About this task » Reproduce word for word the line holding "a large pool" and all lines after it in the data, through the end, leaving out pictures.

Data shown »

※ ※ ※

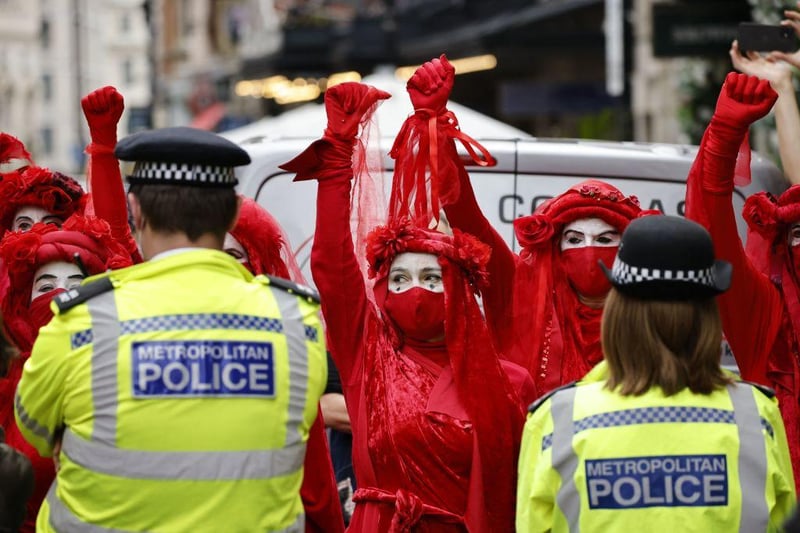 Thousands of climate change demonstrators thronged central London on Monday (23 August), as environmental activist group Extinction Rebellion held its latest round of protests, promising two weeks of disruption. Protesters were greeted with a visibly heavy police presence as they converged on Trafalgar Square in the heart of the British capital, where they rallied with a marching band and speeches. (Photo by TOLGA AKMEN/AFP via Getty Images)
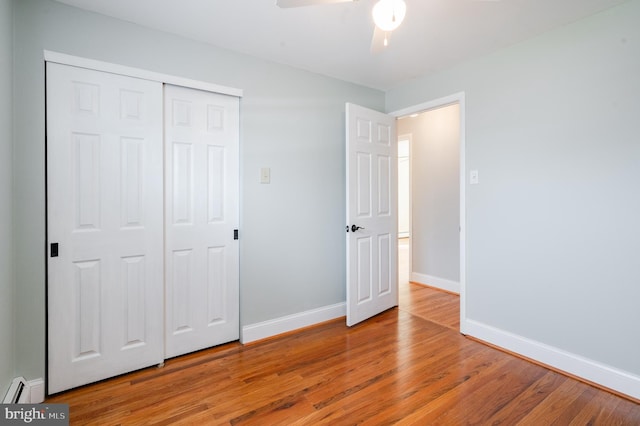 unfurnished bedroom featuring ceiling fan, wood-type flooring, a baseboard radiator, and a closet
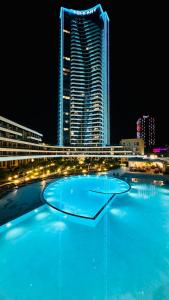 a large pool of blue water in front of a tall building at Luxury residence with sea view in Konak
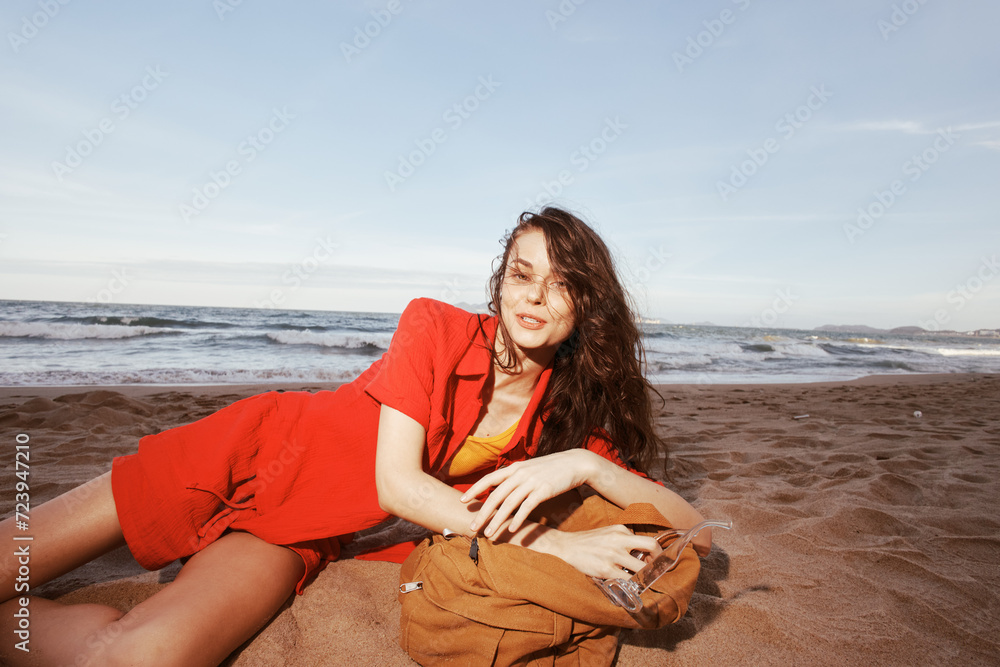 Joyful Traveler: A Woman Backpacker Experiencing the Relaxing Adventure of a Beach Vacation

※ ※ ※

Solution »
 a large pool of blue water in front of a tall building at Luxury residence with sea view in Konak
 Joyful Traveler: A Woman Backpacker Experiencing the Relaxing Adventure of a Beach Vacation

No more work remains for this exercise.